Sono solo parole, sia ieri che oggi, ma dalle parole nasce tutto. Nascono bellezza e violenza. Difficilmente c’è violenza razzista senza parole che la precedono, senza un’onda di parole violente che la sostiene.
Hai voglia a dire che il free speech non influenzò Hitler. Free speech nell’accezione contemporanea dei sovranisti non si traduce con libertà di parola ma con dico quello che mi pare, e voi muti: sono due cose ben differenti. Hitler nacque anzitutto con le parole, non con la loro libertà. L’antisemitismo di oggi nasce con le parole. Il razzismo di oggi nasce con le parole.
La cura per le parole non è una faccenda per spensierati, per impallinati del woke, per gente interessata a un’inezia mentre “i problemi sono altri”. le parole sono parte rilevante dei problemi di oggi. La cura delle parole è umanità, è progresso. Significa costruire legami e condivisione. Dimenticarsene in nome del potere, dell’indifferenza, della visibilità, significa degradarsi in umanità. Guardate in faccia questi adoratori del free speech: nel migliore dei casi sono dei cavernicoli mentali. Sarebbero stati vecchi in qualsiasi epoca della storia. Smascheriamoli, anzitutto a parole.
Parole (e montini) di Purim
Questa sera comincia Purim. Arriva la festa. È tempo dei montini da gustare e soprattutto da regalare, e se volete farli c’è la ricetta perfetta, come sempre, nel sito dell’amica Benedetta Jasmine Guetta (Labna) oppure nel suo libro Cooking alla Giudia, che è un piacere da sfogliare in tutti i sensi. Purim è una festa che ricorda un pericolo scampato, che ricorda una salvezza ottenuta grazie alla regina Ester. E alle sue parole.
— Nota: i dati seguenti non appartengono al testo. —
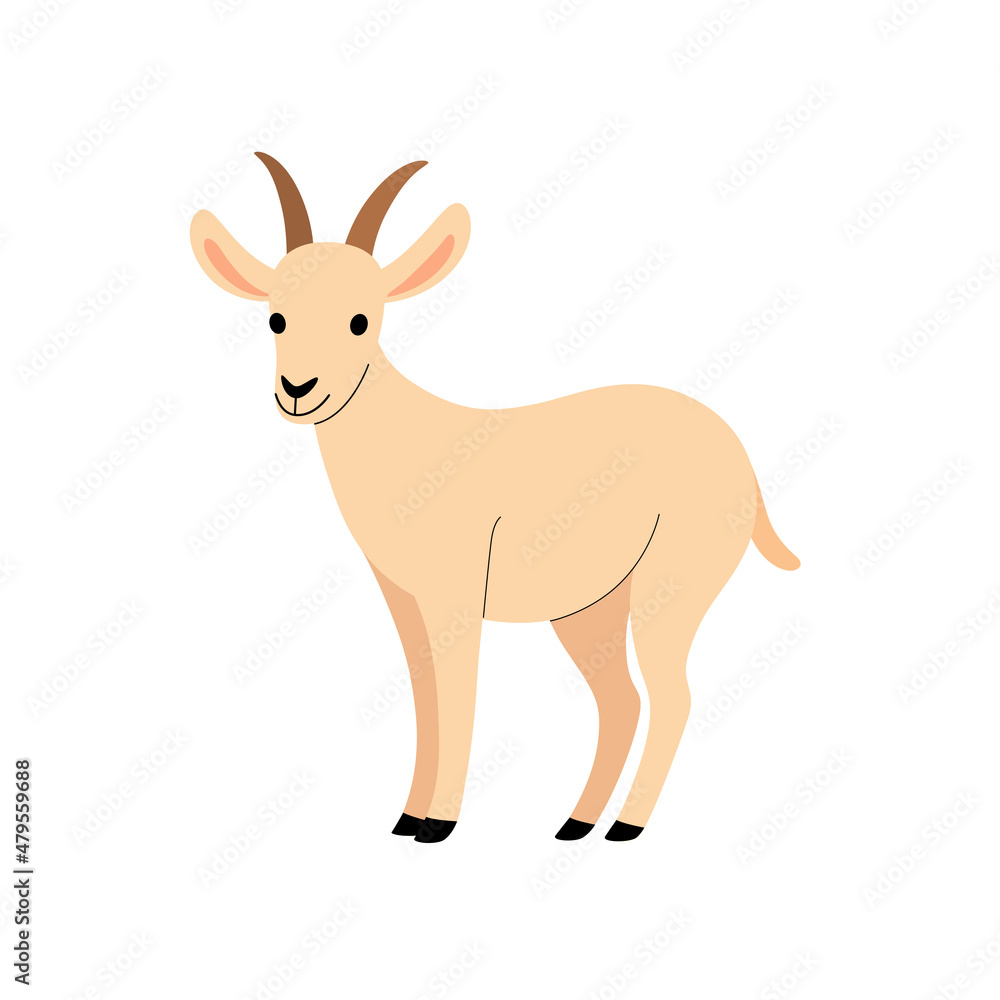 Illustration of goat. Simple flat vector illustration. Illustration of goat. Simple flat vector illustration.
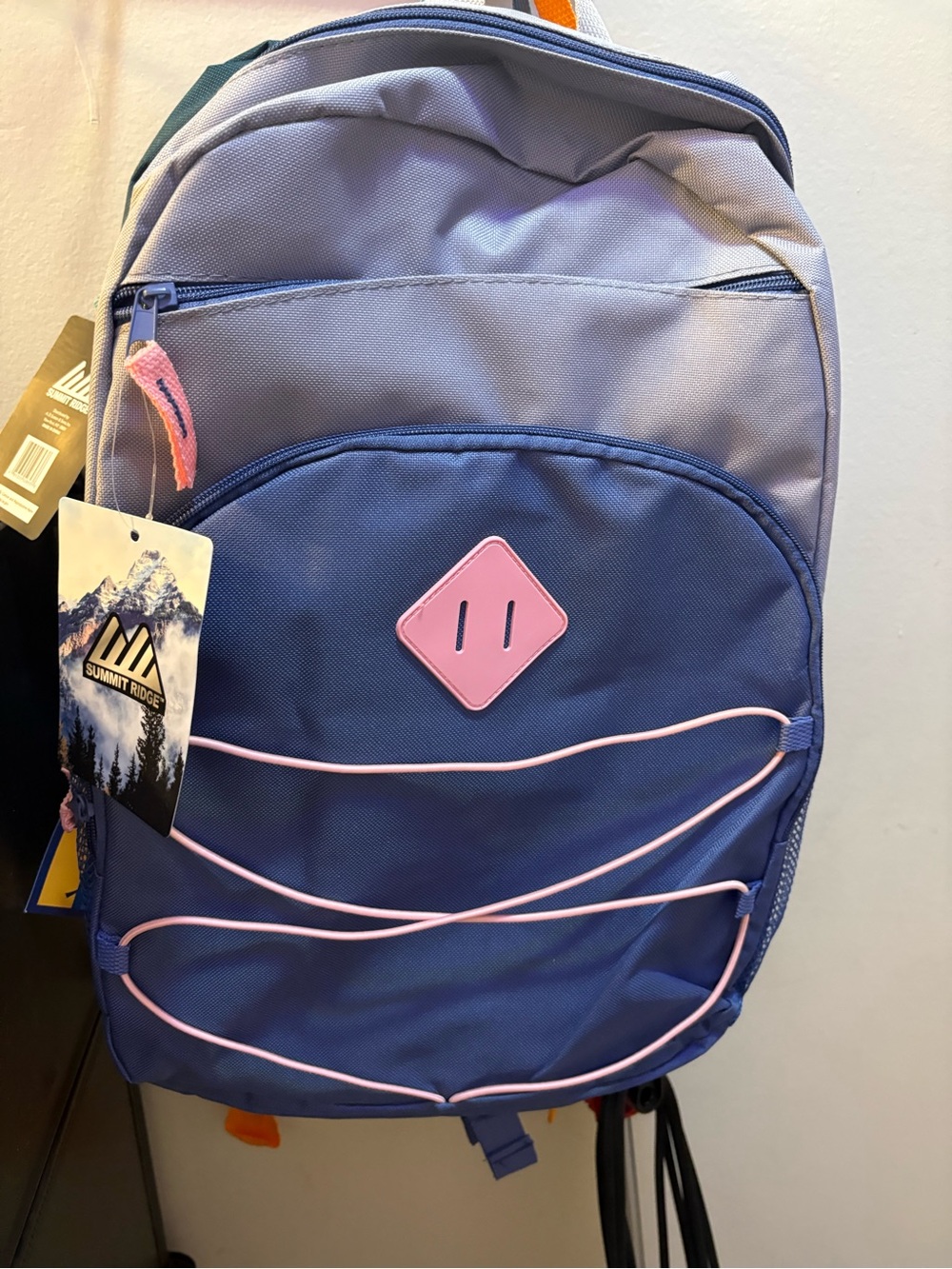Kids Blue and Pink School Backpack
Ester è una che chiede. Ester dialoga. Ester annuncia. Ester interviene. Ester parla. E la salvezza non arriva dalla guerra, dallo scontro, dalla fuga, ma dalle parole sagge, da parole giuste al momento giusto. Di una donna. Ieri come oggi, le parole ci salvano. A chi è ebreo e a chi non lo è, resta solo da augurare Purim Sameach!